#### WHAT YOU SHOULD DO:
Reproduce the material below only from the line with "X-Bionic Effektor Powershirt" to the line with "im Dezember 2018", both included, keeping each line exact and dropping the pictures.

#### DATA SHOWN:
============
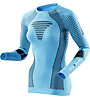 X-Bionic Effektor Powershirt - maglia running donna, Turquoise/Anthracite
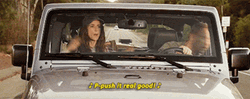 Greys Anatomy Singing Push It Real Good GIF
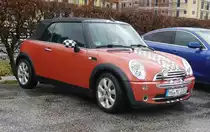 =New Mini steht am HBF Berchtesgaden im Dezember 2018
============
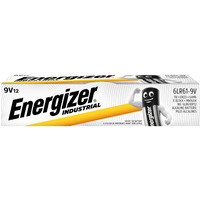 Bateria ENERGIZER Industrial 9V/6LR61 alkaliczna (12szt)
============
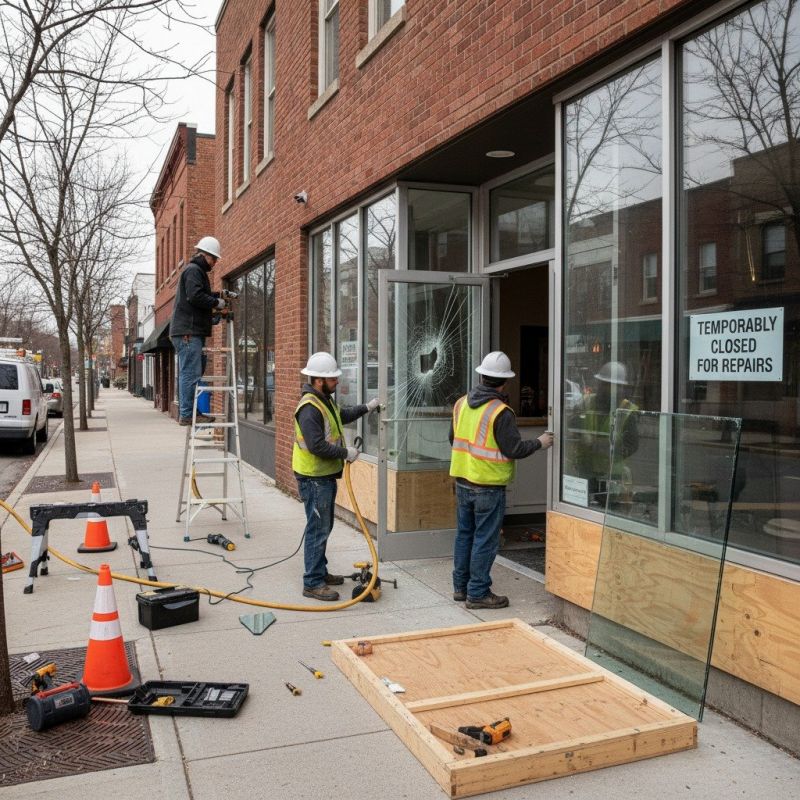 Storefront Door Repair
============
#### SOLUTION FOR THIS PROBLEM:
 X-Bionic Effektor Powershirt - maglia running donna, Turquoise/Anthracite
 Greys Anatomy Singing Push It Real Good GIF
 =New Mini steht am HBF Berchtesgaden im Dezember 2018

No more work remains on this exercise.